Quand le DJ et producteur sud-africain Désirée a dévoilé la deuxième édition de son populaire MMiNO événement au Cap en janvier, elle a poursuivi une expérience discrètement radicale sur la façon dont nous vivons la vie nocturne.
La série d'événements, créée et organisée par Desiree, fait partie de l'essor mondial de la musique électronique africaine. En 2025, il a visité des villes comme Johannesburg, Londres, Ibiza et Nairobi avant de retourner au Cap pour la deuxième fois la semaine dernière. Aux côtés d'une programmation exceptionnelle et de la philosophie de la piste de danse « sans téléphone, sans flash, en pleine présence » emblématique de l'événement, MMiNO a une fois de plus introduit quelque chose de rarement vu dans la culture des clubs : la tarification des actions.
Lorsque les participants sont allés acheter des billets, ils ont trouvé une option pour les invités internationaux et un tarif réduit pour les locaux. Pour Desiree, l’idée est née de quelque chose qu’elle observait depuis un moment.
«Je regardais l'Afro-House devenir plus visible à l'échelle mondiale, tandis que les personnes qui ont façonné cette culture étaient peu à peu exclues de leur participation», raconte-t-elle.

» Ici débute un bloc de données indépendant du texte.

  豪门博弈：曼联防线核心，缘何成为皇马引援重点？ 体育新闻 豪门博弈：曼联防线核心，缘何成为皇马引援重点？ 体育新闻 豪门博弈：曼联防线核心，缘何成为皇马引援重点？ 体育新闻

D'accordAfrique sur la façon dont l'idée lui est venue. «Je ne voulais pas MMiNO Cape Town pour devenir un autre espace où les locaux n'existaient que comme travail ou comme atmosphère. La double tarification semblait être une manière pratique de répondre. Ce n’est pas une déclaration pour le plaisir, mais un ajustement basé sur la réalité. »
Le coût d’être populaire
L’Afrique du Sud, comme une grande partie du continent, ressent les impacts inégaux de la mondialisation. Une soirée au Cap peut attirer un mélange de personnes du monde entier, mais qui peut réellement être dans la salle compte. La ville est déjà aux prises avec une hausse du coût de la vie, associée à la popularité continue du Cap en tant que destination de voyage (en décembre). Lorsque la hausse des coûts pousse les locaux à se tourner vers les touristes, l’authenticité et le lien sont perdus.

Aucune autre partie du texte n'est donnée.